Incarnando tutti questi caratteri la bigness si pone come ineluttabile, la sua morale è al di sopra della concezione di bene e di male, delle disquisizioni estetiche ed architettoniche, della ricerca di motivazioni. Si pone nei confronti della città contemporanea come emblema della sfida, antica come la natura umana, a superare costantemente il limite di ciò che l’uomo può progettare e realizzare, anche a costo di perdere il rapporto con l’opera stessa.
INTERFERENZA
Con il termine interferenza viene definito l'insieme degli eventi urbani che generano incoerenze, contraddizioni, informalità e discontinuità.
L’interferenza è un fatto prevalentemente percettivo, è una sensazione di disordine la cui causa non è immediatamente identificabile, una nota leggermente disarmonica che genera un accordo strano, diverso o stravagante.
L’incoerenza può generare una gamma di stati d’animo completamente diversi e totalmente soggettivi: dallo smarrimento al fastidio, dalla meraviglia fino all’incredulità.

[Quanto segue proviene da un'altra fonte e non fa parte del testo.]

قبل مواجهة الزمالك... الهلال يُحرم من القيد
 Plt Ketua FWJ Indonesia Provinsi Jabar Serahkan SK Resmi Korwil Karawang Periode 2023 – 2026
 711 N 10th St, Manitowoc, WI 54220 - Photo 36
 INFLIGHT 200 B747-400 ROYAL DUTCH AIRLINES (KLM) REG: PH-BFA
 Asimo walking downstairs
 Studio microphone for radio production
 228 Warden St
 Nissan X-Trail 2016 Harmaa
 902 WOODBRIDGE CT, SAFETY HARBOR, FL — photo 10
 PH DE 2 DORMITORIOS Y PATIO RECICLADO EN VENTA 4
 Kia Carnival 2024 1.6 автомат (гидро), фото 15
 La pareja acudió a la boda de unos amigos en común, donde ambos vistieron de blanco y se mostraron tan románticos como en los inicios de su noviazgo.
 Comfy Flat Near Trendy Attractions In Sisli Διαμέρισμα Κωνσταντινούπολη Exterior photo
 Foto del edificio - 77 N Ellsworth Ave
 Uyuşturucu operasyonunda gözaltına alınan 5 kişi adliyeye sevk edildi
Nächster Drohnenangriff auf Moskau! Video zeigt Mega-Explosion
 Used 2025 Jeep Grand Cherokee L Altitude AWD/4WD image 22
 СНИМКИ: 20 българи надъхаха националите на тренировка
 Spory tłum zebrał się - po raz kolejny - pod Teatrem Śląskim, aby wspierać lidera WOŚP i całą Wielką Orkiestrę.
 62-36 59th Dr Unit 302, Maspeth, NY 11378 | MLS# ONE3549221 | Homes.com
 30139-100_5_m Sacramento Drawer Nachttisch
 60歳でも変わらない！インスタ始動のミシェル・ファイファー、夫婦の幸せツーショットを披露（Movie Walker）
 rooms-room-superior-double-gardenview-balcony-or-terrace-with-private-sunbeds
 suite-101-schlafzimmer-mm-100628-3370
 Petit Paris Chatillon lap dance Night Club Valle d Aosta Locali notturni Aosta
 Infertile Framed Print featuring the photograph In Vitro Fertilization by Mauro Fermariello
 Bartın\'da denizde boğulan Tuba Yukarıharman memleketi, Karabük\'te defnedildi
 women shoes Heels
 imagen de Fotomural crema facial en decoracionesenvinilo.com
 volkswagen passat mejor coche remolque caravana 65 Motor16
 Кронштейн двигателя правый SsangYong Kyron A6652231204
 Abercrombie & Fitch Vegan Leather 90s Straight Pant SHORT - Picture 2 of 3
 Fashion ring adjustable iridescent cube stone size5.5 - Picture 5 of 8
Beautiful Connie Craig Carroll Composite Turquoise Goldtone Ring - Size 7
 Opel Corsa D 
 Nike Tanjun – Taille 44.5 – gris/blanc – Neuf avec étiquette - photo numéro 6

La sua caratteristica principale è la capacità di non autodenunciarsi, di non urlare la sua natura estranea, altra rispetto al contesto in cui si trova. Questo carattere è la necessaria conseguenza della principale causa di interferenze: l’evoluzione urbana stessa. La città, che cambia, si rinnova e si stratifica seguendo il fluire del tempo, non sempre sceglie precisamente cosa sacrificare, cosa dimenticare, e ci si appoggia sopra o a fianco lasciando qualcosa intatto. Una colonna appoggiata al basamento di un edificio moderno, una piccola casetta popolare incastrata tra palazzi di dieci piani, sono forme nella città che emanano vibrazioni diverse dalle altre che si fanno notare nel momento in cui ti domandi da dove provengano.
Proprio questo suo stretto rapporto con il tempo rende l’interferenza estremamente trasformista, capace di inserirsi in un contesto diverso fino a mimetizzarvisi, come allo stesso tempo di divenirne un elemento identitario e caratterizzante.
L’interferenza è la memoria dello scorrere del tempo, ci ricorda che la città non è un organismo statico e che il disordine e l’incoerenza possono essere una ricchezza.
VUOTO
Succede di muoversi in una città ed imbattersi in spazi estranei che non si riescono a definire se non per quanto contrastano con ciò che li circonda: è più facile capire cosa non sono rispetto a cosa sono. Questi luoghi non sembrano comunicare con il contesto in cui si trovano oppure non riescono a stabilire un contatto con le persone e la vita che si sviluppa attorno a loro. Sono spazi spesso abbandonati o inutilizzati che trasmettono la sensazione di non poterci entrare o di non poterli attraversare.
Il vuoto per sua natura è negazione, pertanto rispondono a questa voce tutti quegli spazi interni alla città che si presentano come semplici assenze di costruito: fuori e tutto attorno c’è la città ma all’interno non c’è, come se nella disorganizzazione della sua crescita espansiva la città si fosse dimenticata qualcosa, lasciandosi indietro dei buchi.
Tuttavia, l’accezione di vuoto sviluppa anche un significato meno fisico e più percettivo, includendo quegli spazi che emanano una forza repulsiva (come una gravità al contrario) che ne garantisce la sopravvivenza in uno stato di inalterazione: spazi che vengono evitati e aggirati dalle dinamiche della città che li circonda nonostante siano perfettamente incastonati nella sua struttura.